Affinity proteomics reveals elevated muscle proteins in plasma of children with cerebral malaria

Abstract

Systemic inflammation and sequestration of parasitized erythrocytes are central processes in the pathophysiology of severe Plasmodium falciparum childhood malaria. However, it is still not understood why some children are more at risks to develop malaria complications than others. To identify human proteins in plasma related to childhood malaria syndromes, multiplex antibody suspension bead arrays were employed. Out of the 1,015 proteins analyzed in plasma from more than 700 children, 41 differed between malaria infected children and community controls, whereas 13 discriminated uncomplicated malaria from severe malaria syndromes. Markers of oxidative stress were found related to severe malaria anemia while markers of endothelial activation, platelet adhesion and muscular damage were identified in relation to children with cerebral malaria. These findings suggest the presence of generalized vascular inflammation, vascular wall modulations, activation of endothelium and unbalanced glucose metabolism in severe malaria. The increased levels of specific muscle proteins in plasma implicate potential muscle damage and microvasculature lesions during the course of cerebral malaria.
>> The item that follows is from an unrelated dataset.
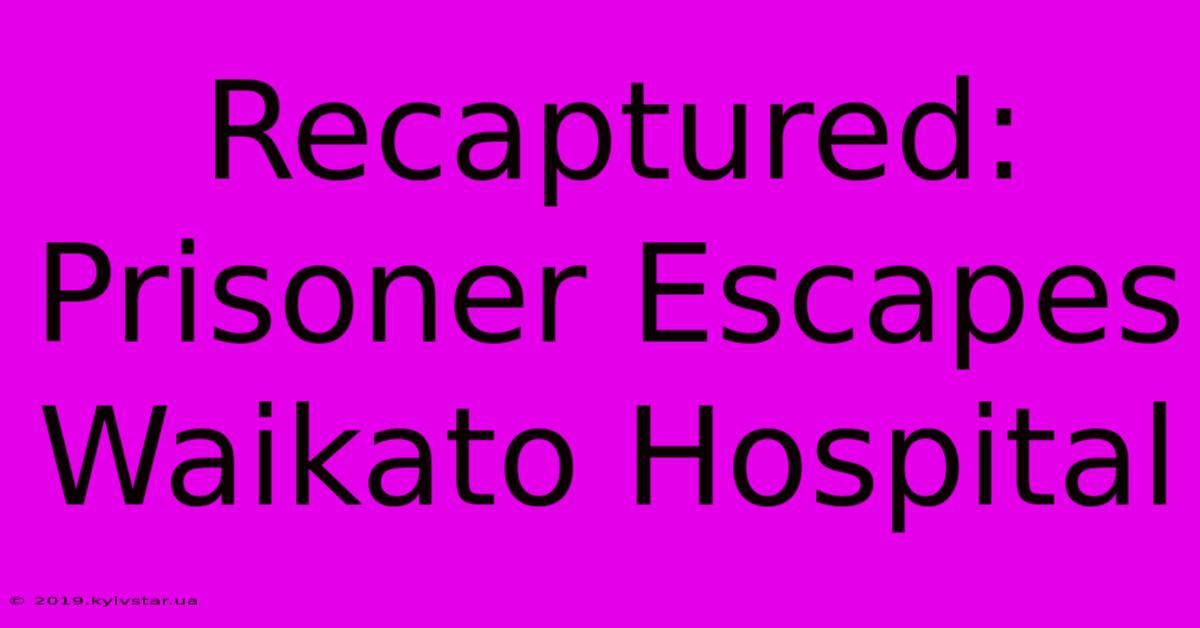 Recaptured: Prisoner Escapes Waikato Hospital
Figure 1. Overview of affinity proteomics screening and study design.

(A) Schematic overview of the affinity proteomics approach using antibody suspension bead arrays. Plasma samples were biotinylated, antibodies were coupled to color-coded magnetic beads, and both were combined for analysis. Bead identity and captured plasma proteins were then detected using a flow cytometric analyzer. (B) Experimental design of study. Initial screening with 1,132 antibodies from targeted and blinded selections was performed in the discovery cohort (n = 356). Data from the patient groups were compared using univariate tests and multivariate penalized regression models. Identified single proteins and multi-component protein panels discriminating the 3 disease groups were validated in the verification cohort (n = 363).

Figure 2. Identification of 29 human proteins discriminating community controls and malaria cases.

(A) Applying a non-parametric test, 29 human proteins were identified showing significant (adjusted p<0.001) differences between any of the four groups. Cluster analysis using self-organizing tree algorithm (SOTA) revealed four different clusters with distinct protein profiles designated as ‘malaria decreased’, ‘malaria increased’, ‘severe malaria’ and ‘cerebral malaria’ (see also Fig. S3 in Text S1). (B) Heatmap visualizing protein profiles in individual patients. Samples were organized according to group affiliation and proteins were sorted following SOTA clusters. Displayed are scaled relative intensities of each protein in each group (CC = grey, UM = green, SMA = red, CM = blue).

Figure 3. Discrimination of the three malaria disease sub-types with multi-protein signatures.

L1-penalized logistic regression models were fitted for the three two-group comparisons. The plots show the resulting ROC curves when the model included all selected proteins (black line) and only the top ones (coloured line). The area under the ROC curve (AUC) for the optimal number of proteins and the combination with the smallest number of proteins after variable selection refinement is presented adjacent to the plots. (A) For classification of UM vs SMA a 3-protein signature provided an optimal result (AUC = 0.87) (black line). (B) For classification of UM vs CM a protein signature with 23 proteins showed the best result (black line). As comparison, the AUC of the top 4 proteins (blue line) and top 10 proteins (grey line) after step-by-step removal of selected proteins is shown. CA3 = HPA021775, CA3* = HPA026700. (C) For classification of SMA vs CM a protein signature with 9 proteins showed the best result (black line). As comparison, the AUC of the top 2 proteins after step-by-step removal of selected proteins is shown (green line). (D) ROC curves for the three subgroup comparisons using their respective best protein signatures in the verification cohort, UM vs SMA (red line), UM vs CM (blue line) and SMA vs CM (green line). SAA4 was excluded from verification due to technical failure.

Figure 4. Overview of panels of proteins and their physiological pathways predicting the different malaria clusters.

Proteins with differential profiles between the malaria groups were classified into physiological pathways. This included proteins identified common to all malaria groups (blue bars), common to both defined severe malaria syndromes (purple bars), proteins with levels elevated in SMA (light green bars), proteins with levels elevated in CM (light orange bars) and proteins specific to CM (dark orange bars). For each panel, columns were stacked by number of proteins identified in each category. Grey dotted connectors represent either a regulation link or a common protein component between to physiological pathways. UM: uncomplicated malaria; SMA: severe malaria anemia; CM: cerebral malaria. Proteins are represented by their gene names (Refer to Table 2, Fig. S3 and Table S2 in Text S1 for full names).